Головокружительно опасные восхождения на горные вершины, недоступные обычному человеку, намекали на рискованные, но тем более насущные искания. Что касается риска, в Кроули распознаются черты русских метафизических экстремистов, и не эти ли черты влекут его в Россию как на духовную родину? И в святости и в грехе Кроули ищет запредельного, как будто в запредельном святость и грех совпадают. Конечно, в этом жуткий соблазн, но, быть может, и чаянье, что если спасительное: "Я пробовал везде мою силу. Вы мне советовали это, "чтоб узнать себя". На пробах для себя и для показу, как и прежде во всю мою жизнь, она оказывалась беспредельною". Кажется, это Кроули пишет о себе, но это слова Ставрогина из письма, за которым последует самоубийство.

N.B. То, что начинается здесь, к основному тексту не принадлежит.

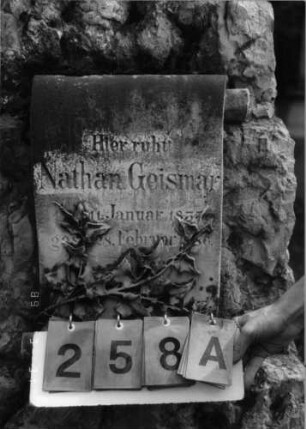 Grabstein 258 (Index: 100089755) Material: grauer Stein und Marmorplatte Maße HxBxT: 147x84x54 cm: Grabstein 258A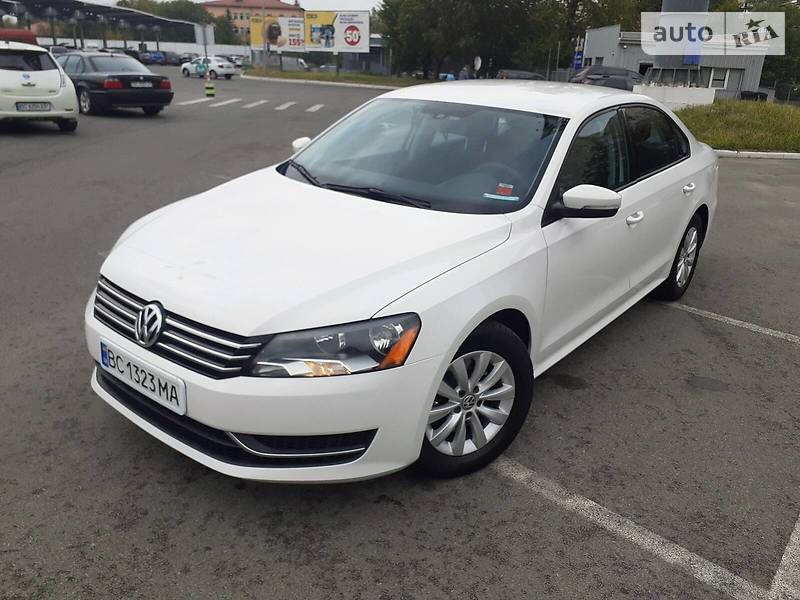 Седан Volkswagen Passat 2013 в Львове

     Самоубийством кончает и другой герой "Бесов" Кириллов, опережая самоубийство своего наставника Ставрогина. Достоевский хотел назвать свой роман о Ставрогине "Житие великого грешника". Такое название напрашивается и для биографии Алистера Кроули. Сочетать несочетаемое – едва ли не главная цель всей его жизни. Проходя одно из первых розенкрейцерских посвящений, Кроули принимает имя Христос-Люцифер и доказывает, что это значит всего лишь Помазанник-Светоносец. У Достоевского Ставрогин обращает  Кириллова в крайний атеизм, из которого то ли сам Ставрогин то ли уже Кириллов делает вывод: "Если нет Бога, то я Бог". (Нечто подобное утверждал и Фихте.) Но Кириллов не останавливается на этом: "Я не понимаю, как мог до сих пор атеист знать, что нет Бога, и не убить себя тотчас же". И Алистер Кроули, по существу, на протяжении всей своей жизни балансирует на грани самоубийства, и в этом его запредельное скалолазание. Но тот же Ставрогин одновременно с обращением Кириллова в героический до самоубийства атеизм обращает Шатова в крайнее православие, и тот повторяет за ним: "Я верую в Россию, я верую в её православие… Я верую в тело Христово… Я верую, что новое пришествие совершится в России… Я верую…" И Кроули пишет очерк "Сердце святой Руси", который иногда называют поэмой в прозе. Гимн Кремлёвским соборам сочетается в этом очерке с тончайшим анализом древнерусской иконописи и зодчества, но сквозь все тонкости художественно-философского анализа порою слышится, что это "залепетал в исступлении Шатов". Русские инспирации у Кроули не ограничиваются этим очерком. Он напишет свою гностическую литургию, основываясь на православной литургии Василия Великого.